Les dérives affectent le rapport « ordinaire/spécialisé » pour ce qui concerne le contexte comme pour ce qui traite des personnels. Au motif que l’intégration est l’affaire de tous et en tous lieux, une conception restrictive et simpliste de la démarche intégrative laisse entendre que le milieu ordinaire doit rester ordinaire et que, par exemple à l’école, tous les enseignants sont en mesure d’accueillir les élèves en situation de handicap, pourvu que ceux-ci soient aptes à suivre les enseignements scolaires. En conséquence, il n’y aurait plus lieu de former des personnels spécialisés et, par ailleurs, les élèves handicapés qui ne sauraient s’engager dans les apprentissages scolaires ne pourraient pas être accueillis dans les établissements ordinaires. Ils seraient donc relégués dans les établissements spécialisés. L’intégration crée une confusion dans les fonctions et porte en elle, de manière consubstantielle, l’exclusion.
La démarche d’inclusion tente de corriger ces travers. Centrée sur l’analyse des potentialités et des besoins des sujets en situation de handicap, elle vise l’adaptation de l’environnement et la participation des différents acteurs pour que tout sujet, quel que soit son handicap, ait tout naturellement sa place parmi ses pairs, dans tous les lieux de la vie sociale ou privée. Dans le système éducatif, il s’agit de créer les conditions d’accueil de tous les jeunes dans les écoles ou établissements les plus proches de leur lieu de vie. La France vient de se doter d’une loi votée très récemment (11 février 2005) et intitulée « Loi pour l’égalité des droits et des chances, la participation et la citoyenneté des personnes handicapées ». La problématique de ce texte législatif s’inscrit en grande partie dans la démarche d’inclusion et doit permettre à chaque sujet porteur d’un handicap de trouver sa place ainsi que d’exercer ses droits dans un environnement qui lui sera ouvert moyennant les adaptations nécessaires. Par ailleurs, la formation des enseignants spécialisés a été rénovée dans cet esprit.
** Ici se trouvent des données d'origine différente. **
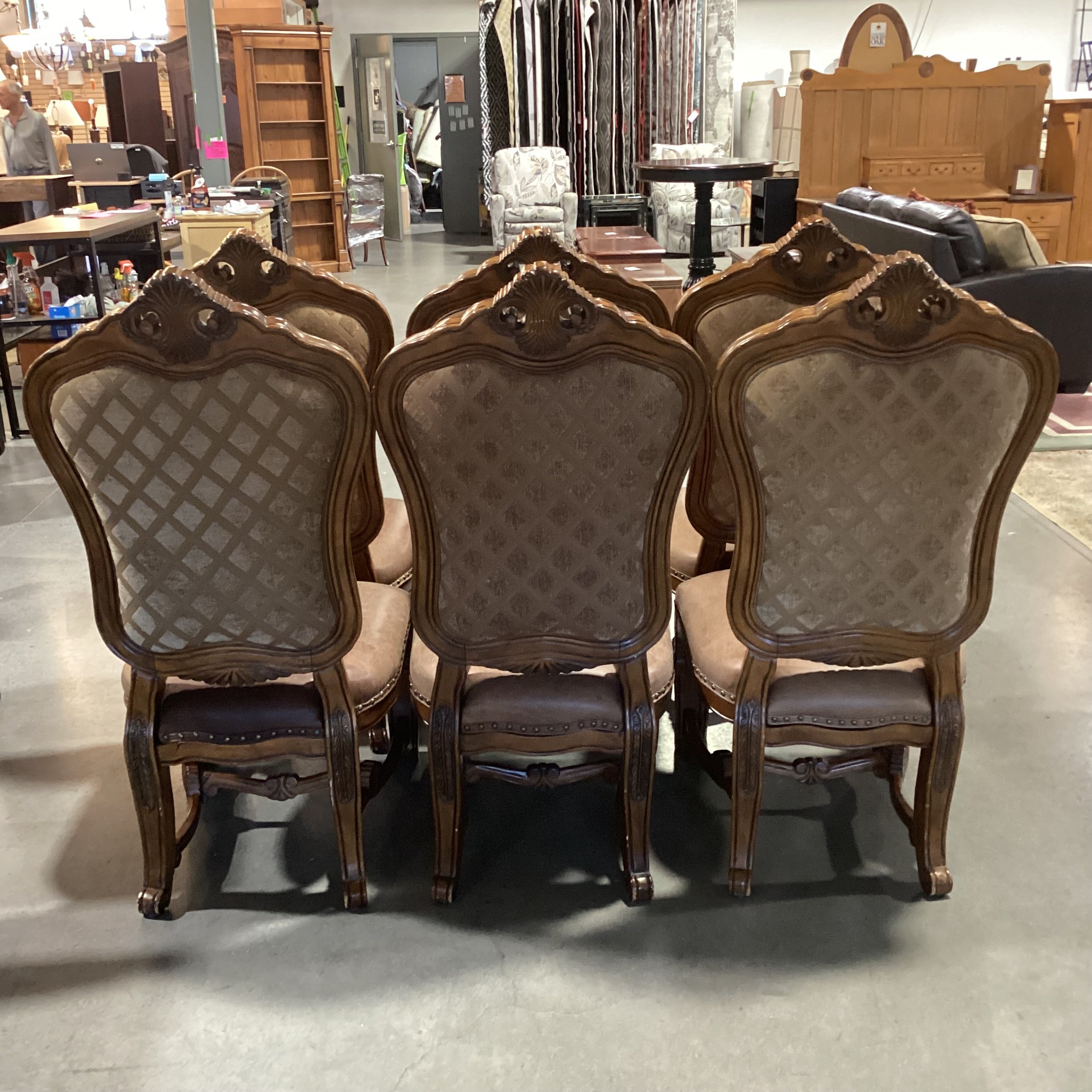 SET of 6 Carved Wood Tuscano Leather Seat & Diamond Upholstered Dining Chairs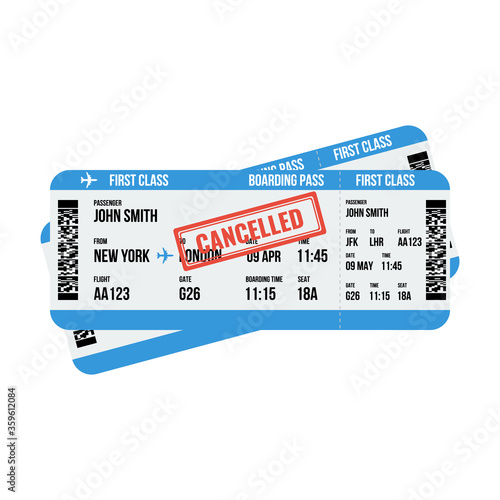 two first class flight boarding pass with cancelled stamp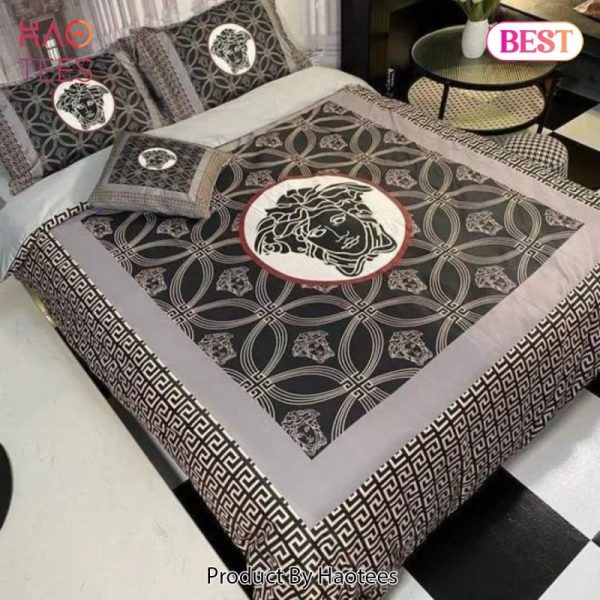 Versace Grey Luxury Brand Premium Bedding Set Duvet Cover Home Decor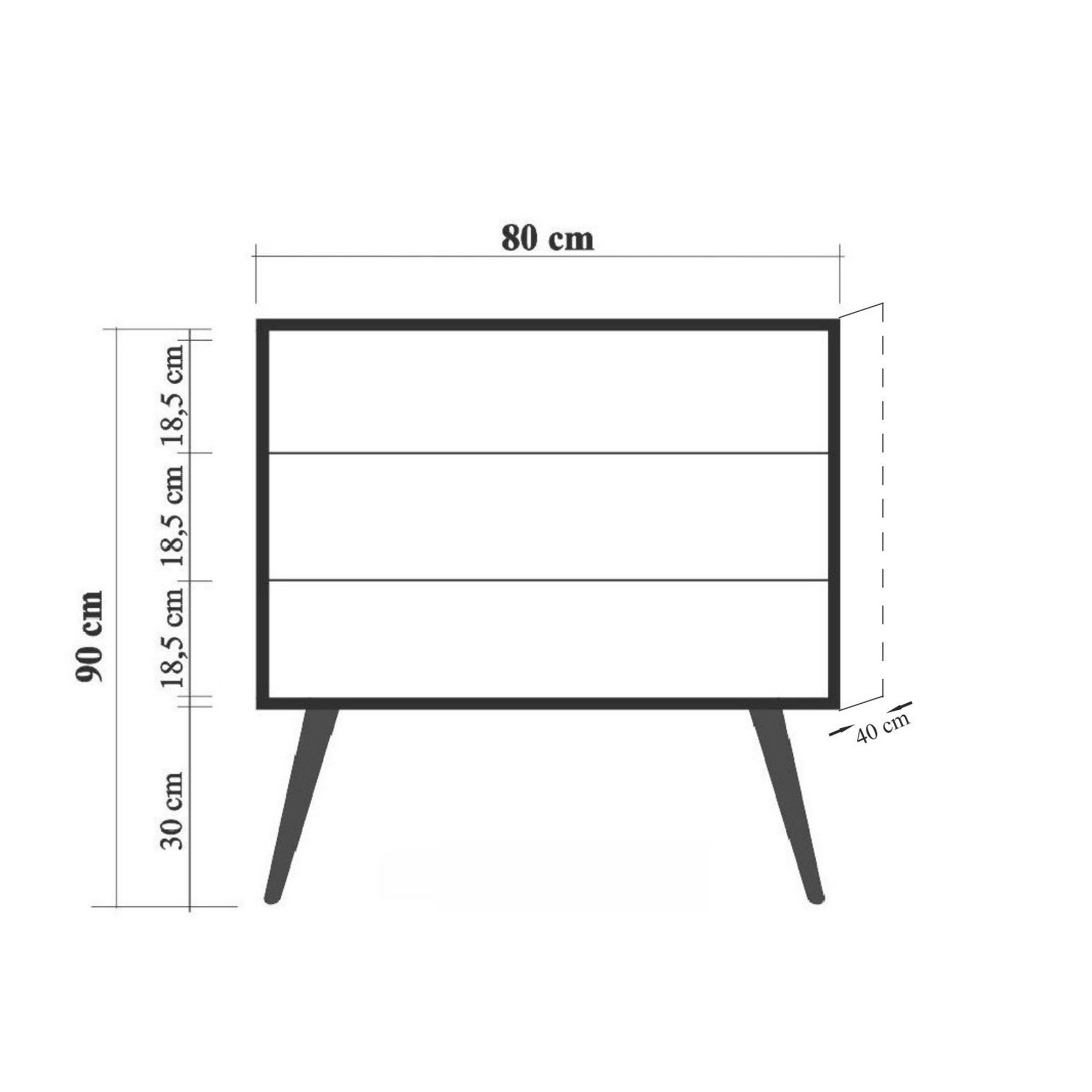 Commode 3 tiroirs Sleek Bois Motif Géométrique nuance de Marron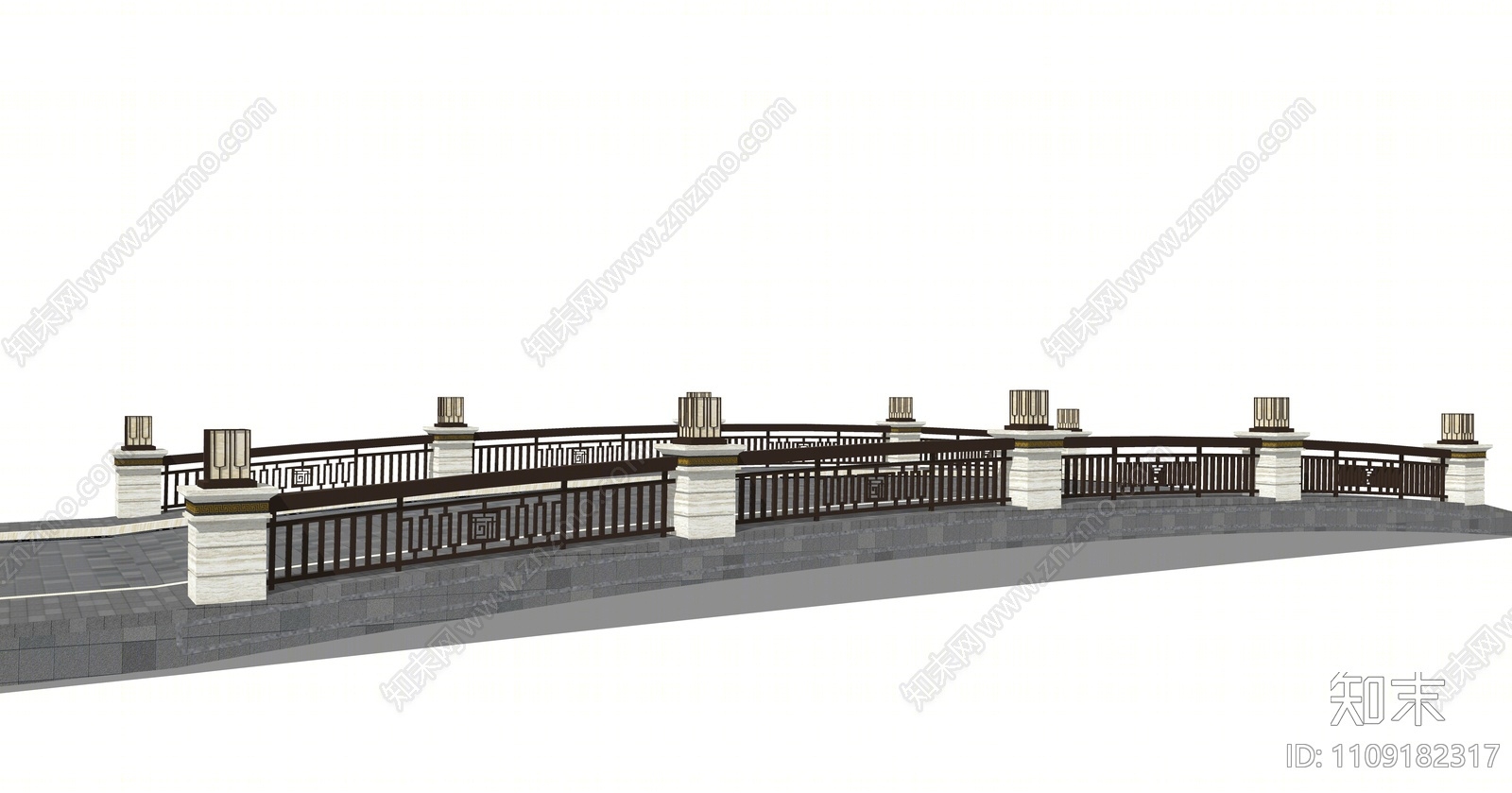 新中式景观桥SU模型下载【ID:1109182317】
Ouverte aux professeurs du premier comme du second degré, elle a pour mission de les préparer à dispenser un enseignement adapté, en partenariat avec les différents professionnels concernés et en tenant compte des éléments du contexte familial, culturel et social.
C’est donc moins d’inclusion que de scolarisation qu’il s’agit. Et, pour ce faire, certains évoquent la nécessité de moyens supplémentaires importants. Certes, on peut toujours souhaiter davantage de ressources financières, matérielles ou humaines. Mais en réalité cette question sert trop souvent d’argument pour masquer le refus de l’accueil des jeunes dans un milieu naturel de vie, et de prétexte pour ne pas s’engager nonobstant une bonne volonté affichée. Les moyens existent, ils se situent dans la conscience des hommes, et la démarche d’inclusion appelle une véritable révolution des consciences qui passe par le traitement de l’état de véritable schizophrénie dans laquelle se trouve notre société : une dualité acceptée, parfois cultivée, faite d’une part d’un discours humaniste, généreux, solidaire et fraternel, et d’autre part de comportements individualistes et égoïstes jusqu’à la veulerie. Le choix d’une politique inclusive ne peut s’opérer par la seule force d’une loi, il relève d’une nécessité morale qui soulève des questions d’ordre éthique, politique et social. La mutation que doivent effectuer les acteurs de l’école nécessite leur mobilisation sur ces questions de société et fait appel à l’imagination que leur suggère la loi.